• _Goal of the exercise_: Your copy of the entries below should hold exactly the lines from the one containing "Couple of travelers" to the one containing "Apiarist Near the Hive 67648267", inclusive, and no pictures.

• _Dataset_:
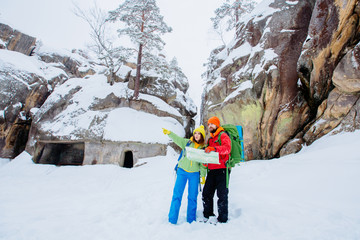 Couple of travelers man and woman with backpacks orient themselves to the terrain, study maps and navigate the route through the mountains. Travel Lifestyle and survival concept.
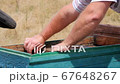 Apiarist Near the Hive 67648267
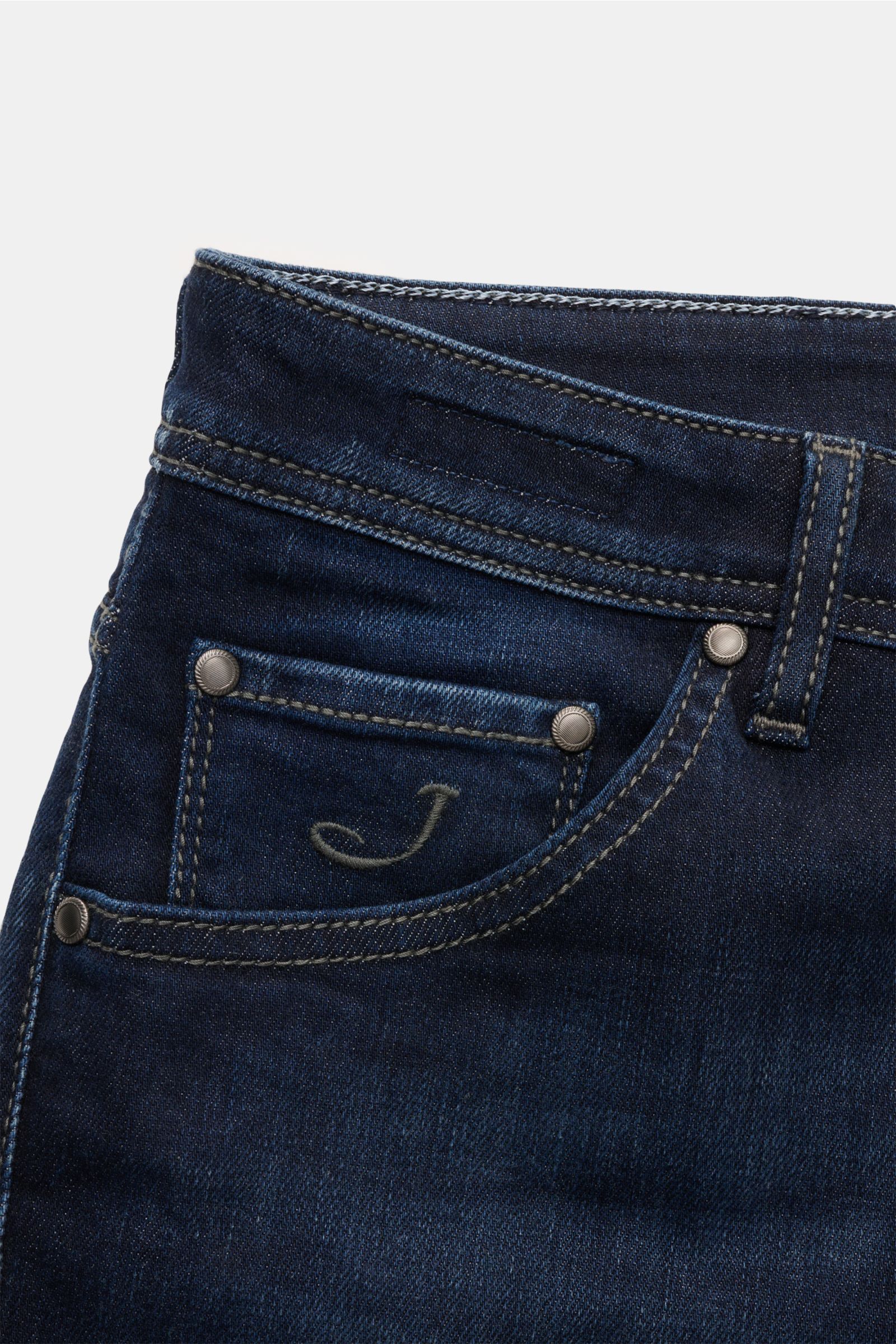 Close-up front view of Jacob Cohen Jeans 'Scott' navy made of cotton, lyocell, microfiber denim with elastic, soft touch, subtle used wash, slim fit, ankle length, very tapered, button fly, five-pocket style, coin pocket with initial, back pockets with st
...
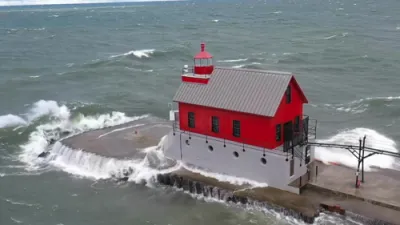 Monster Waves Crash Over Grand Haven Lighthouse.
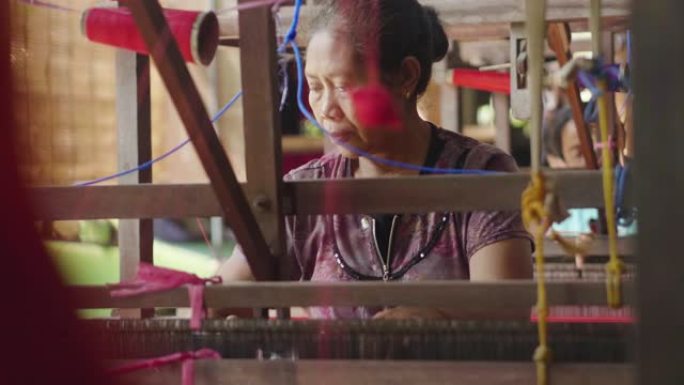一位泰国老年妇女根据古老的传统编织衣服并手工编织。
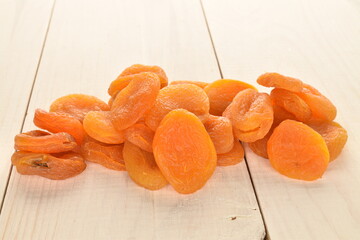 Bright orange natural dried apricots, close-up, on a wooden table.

• _Written reply_:
 Couple of travelers man and woman with backpacks orient themselves to the terrain, study maps and navigate the route through the mountains. Travel Lifestyle and survival concept.
 Apiarist Near the Hive 67648267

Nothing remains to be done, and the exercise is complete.